- [PROBLEM TO SOLVE] Any picture in the data below should be skipped, while every line is repeated exactly.
━━━━━ GIVEN DATA
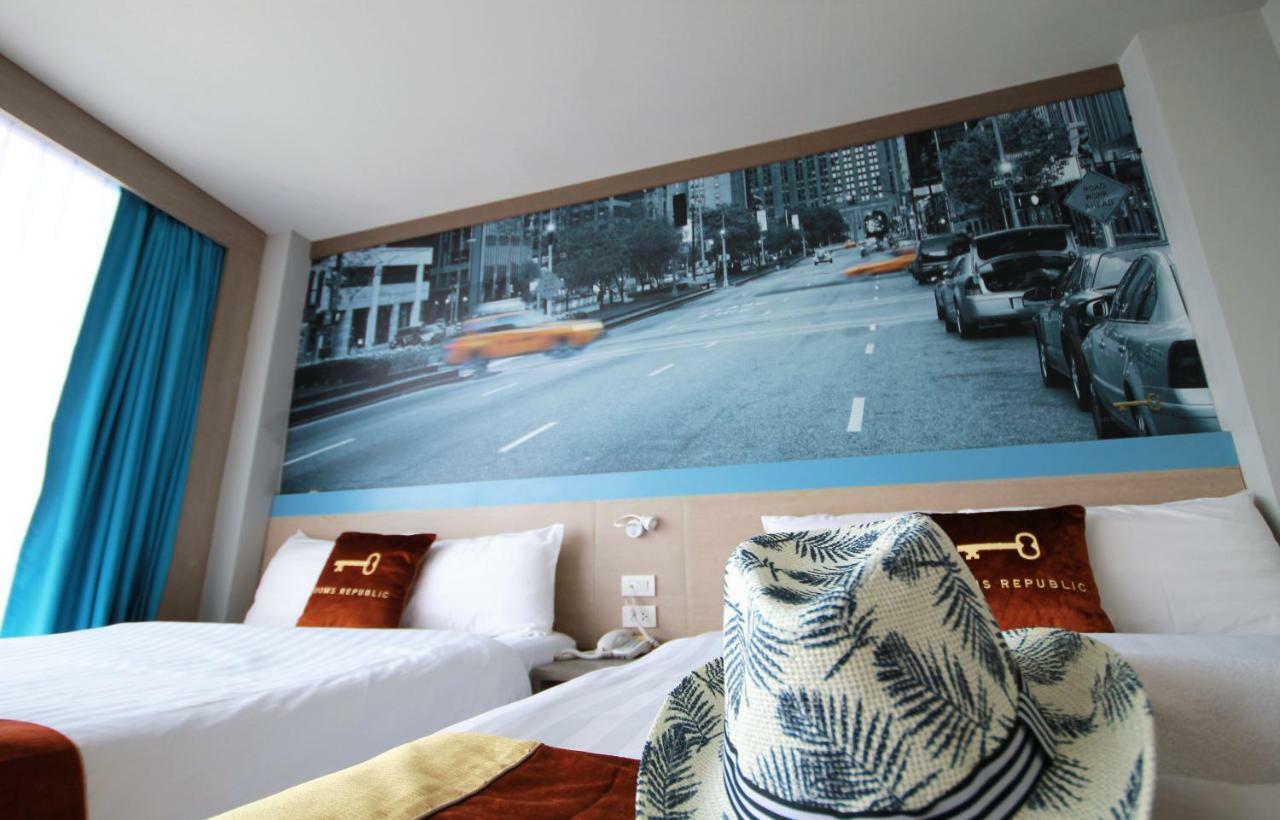 Rooms Republic Hotel Ao Nang Beach Exteriör bild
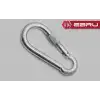 Vidalı Karabina, Kanca, Çengel 12mm - 10 Adet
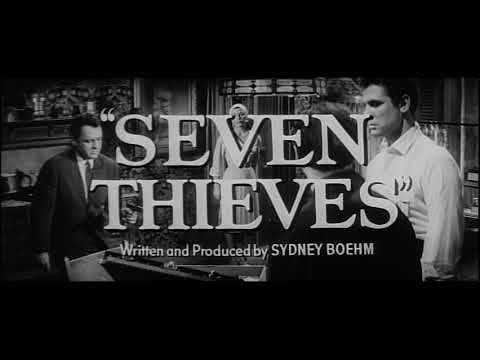 Seven Thieves (1960) - Trailer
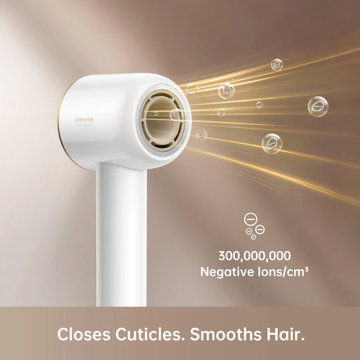 Dreametech Hair Glory Hair Dryer (with Hot & Cold Setting) - White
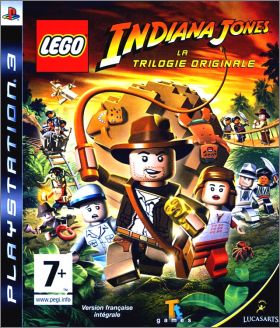 Lego Indiana Jones 1 - La Trilogie Originale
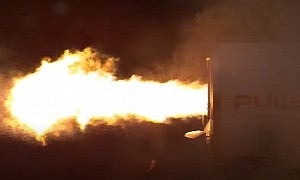 Pulsar Fusion Fires Up Hybrid Rocket Engine for the First Time, Is a Success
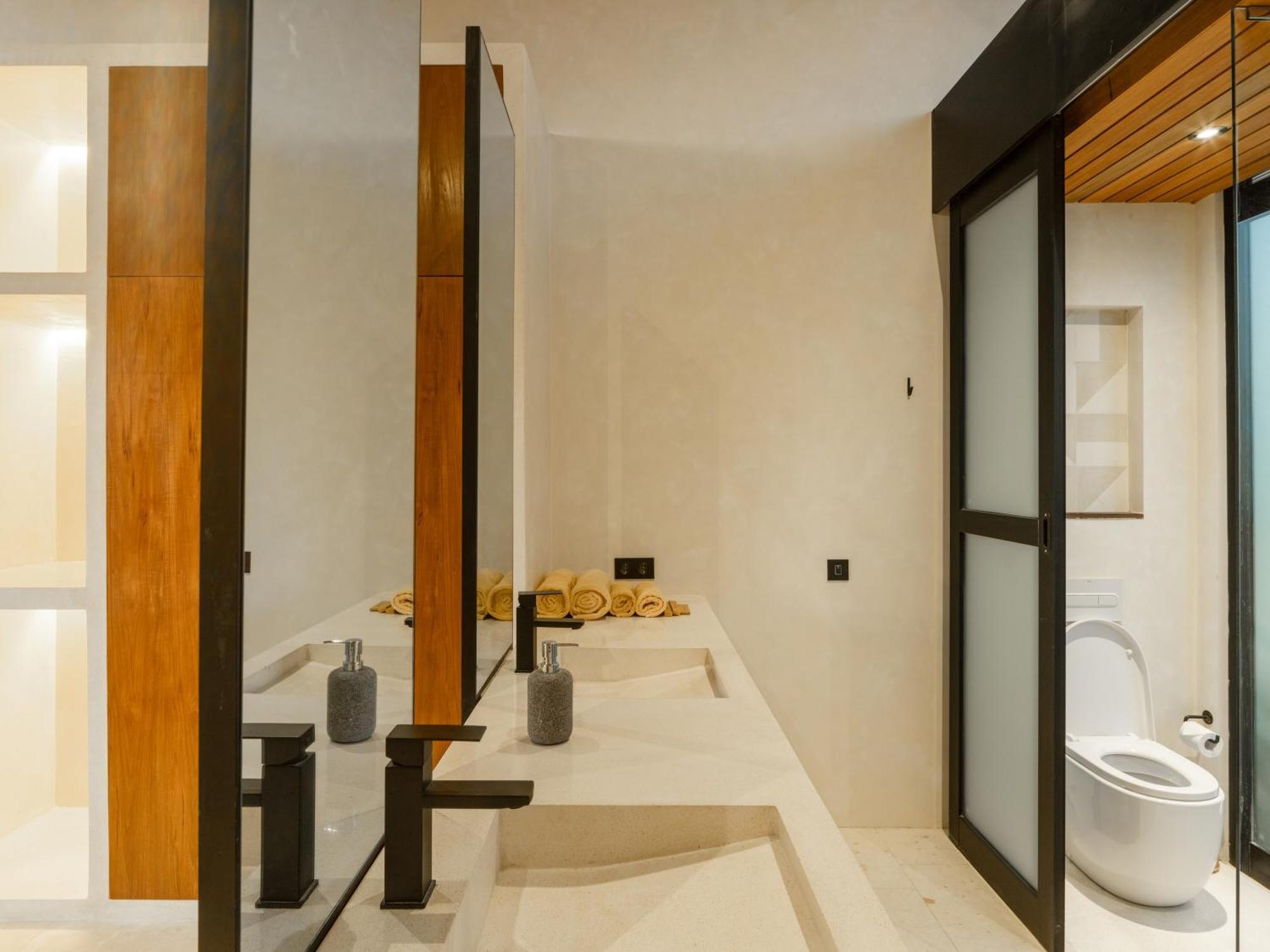 Blacksand Villas Echo Beach Canggu Extérieur photo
━━━━━━━━━━
- [RESPONSE FOR THIS EXERCISE]
 Rooms Republic Hotel Ao Nang Beach Exteriör bild
 Vidalı Karabina, Kanca, Çengel 12mm - 10 Adet
 Seven Thieves (1960) - Trailer
 Dreametech Hair Glory Hair Dryer (with Hot & Cold Setting) - White
 Lego Indiana Jones 1 - La Trilogie Originale
 Pulsar Fusion Fires Up Hybrid Rocket Engine for the First Time, Is a Success
 Blacksand Villas Echo Beach Canggu Extérieur photo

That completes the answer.